*Work required:* Whatever appears in the records, retype it exactly, except for the pictures.
⟨
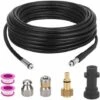 FLYME Kit De Nettoyage De Tuyau De Vidange De Nettoyeur Haute Pression Avec Buse à Jet Et Buse à Jet Rotatif Pour Karcher K2 K3 K4 K5 K6 K7 Et Nettoyeur Haute Pression Lavor -Nettoyeur Haute Pression Soldes 67805382 1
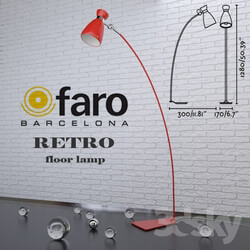 FARO RETRO floor lamp 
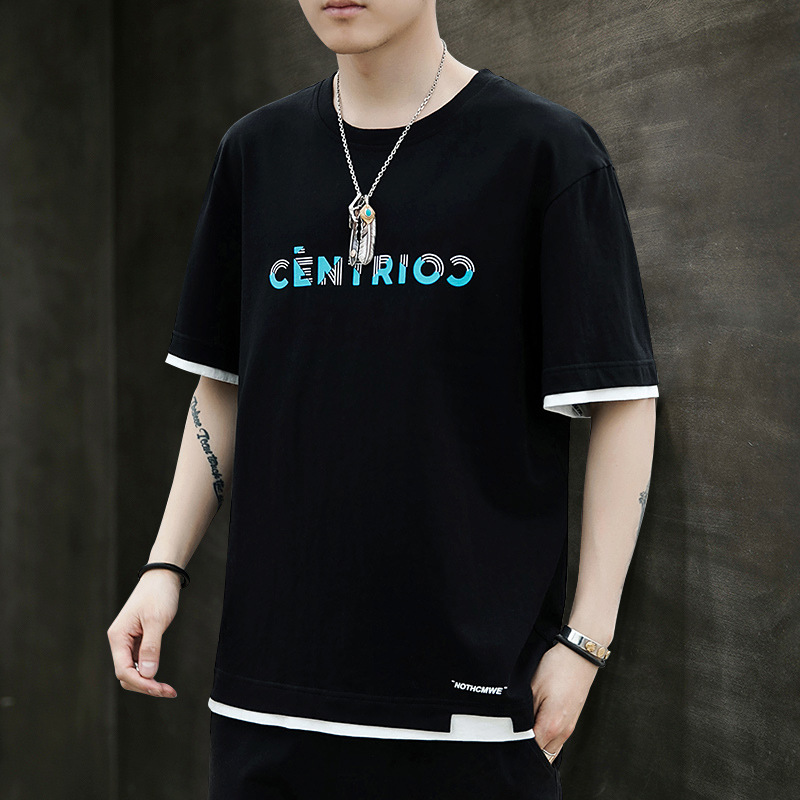 korean style t shirt for men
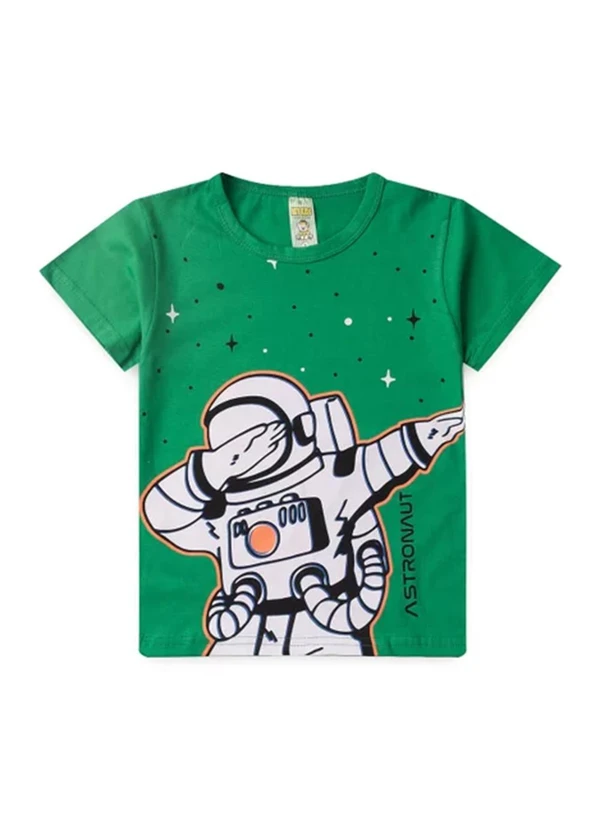 Atelie da Crianca - Pijama Masculino Verão Astronauta Verde 2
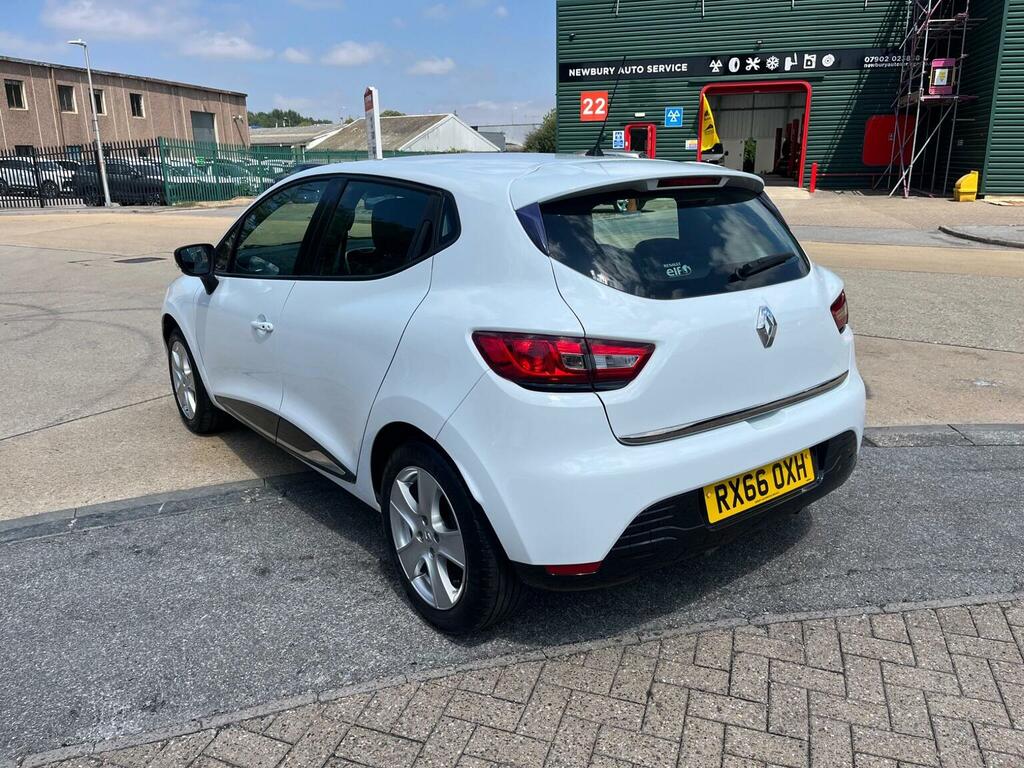 Renault Clio Hatchback 1.2 16V Dynamique Nav Euro 6 20166 RX66OXH White #4
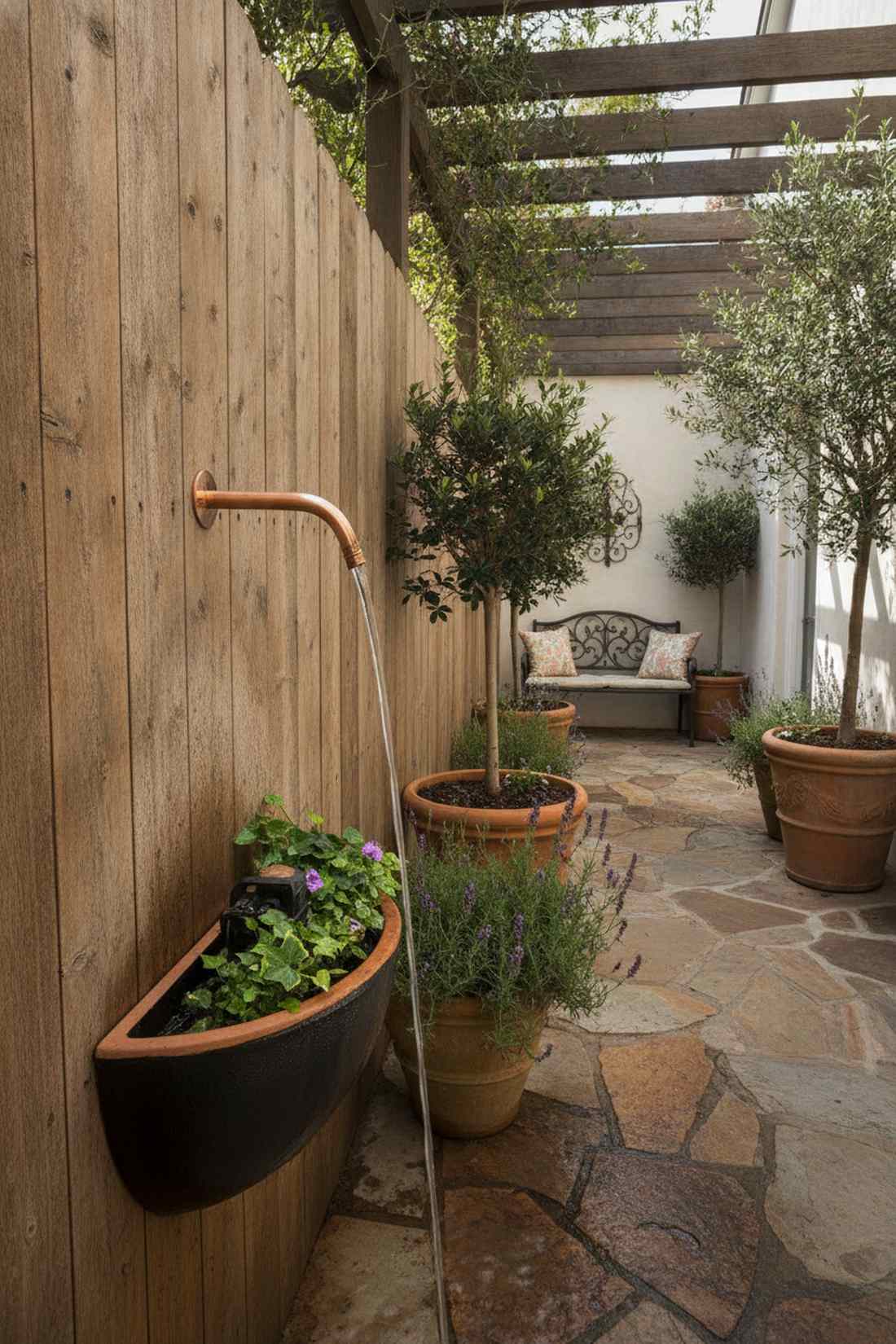 wall mounted spout fountain
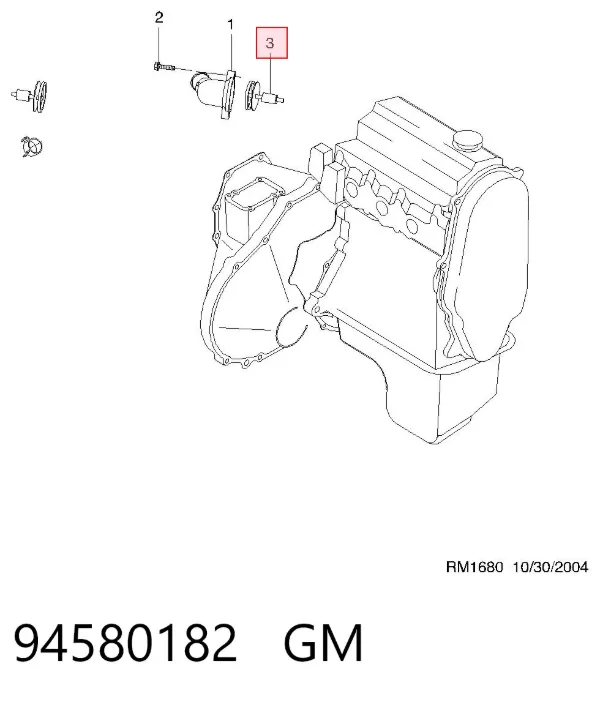 Termostato 94580182 General Motors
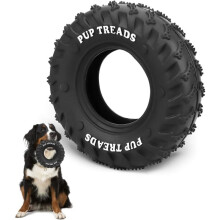 Indestructible Dog Chew Toy – Durable Rubber Toothbrush Toy for Aggressive Chewers, Medium & Large Breeds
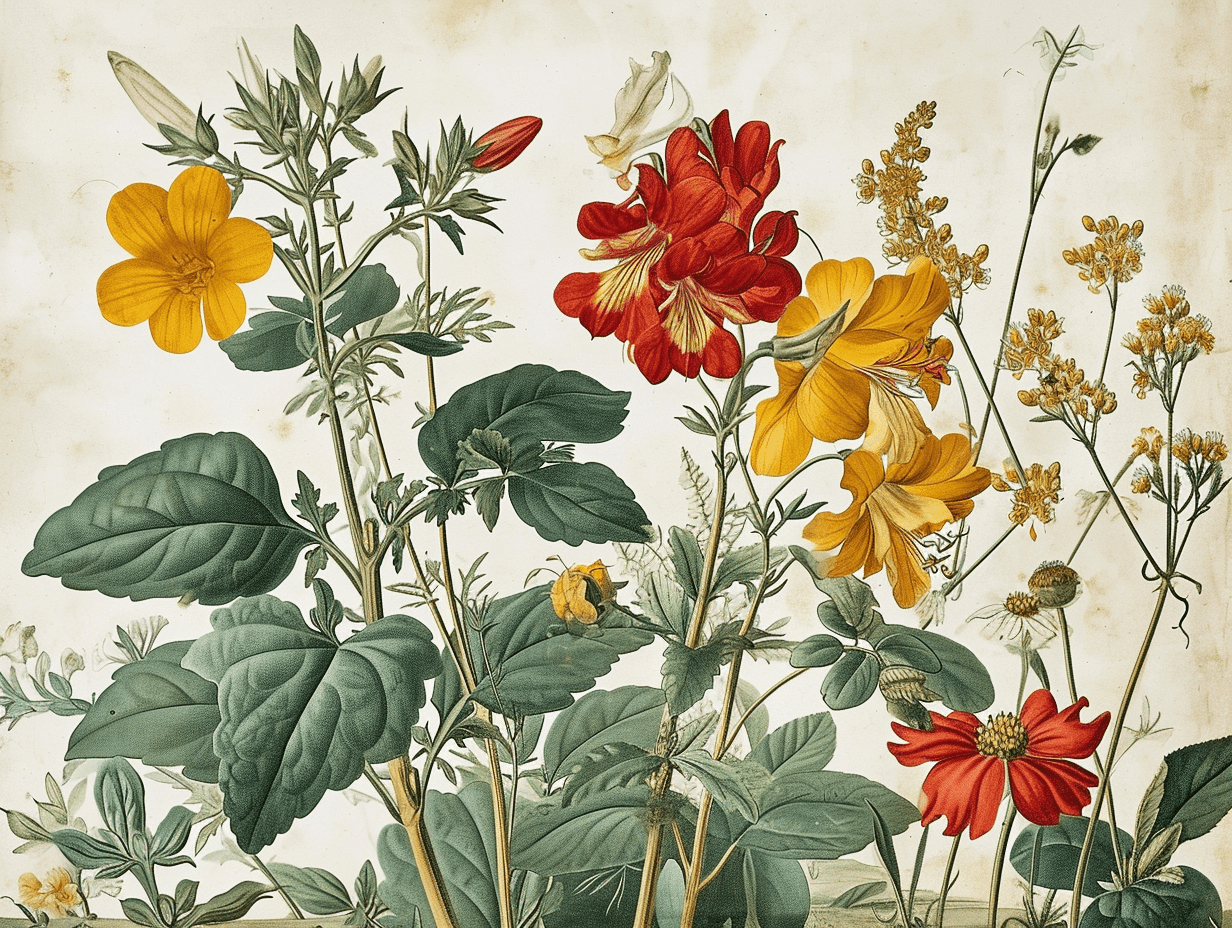 A botanical illustration from 18th-century Europe, showcasing the meticulous depiction of the tiniest flora details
⟩
*Answer to the exercise:*
 FLYME Kit De Nettoyage De Tuyau De Vidange De Nettoyeur Haute Pression Avec Buse à Jet Et Buse à Jet Rotatif Pour Karcher K2 K3 K4 K5 K6 K7 Et Nettoyeur Haute Pression Lavor -Nettoyeur Haute Pression Soldes 67805382 1
 FARO RETRO floor lamp 
 korean style t shirt for men
 Atelie da Crianca - Pijama Masculino Verão Astronauta Verde 2
 Renault Clio Hatchback 1.2 16V Dynamique Nav Euro 6 20166 RX66OXH White #4
 wall mounted spout fountain
 Termostato 94580182 General Motors
 Indestructible Dog Chew Toy – Durable Rubber Toothbrush Toy for Aggressive Chewers, Medium & Large Breeds
 A botanical illustration from 18th-century Europe, showcasing the meticulous depiction of the tiniest flora details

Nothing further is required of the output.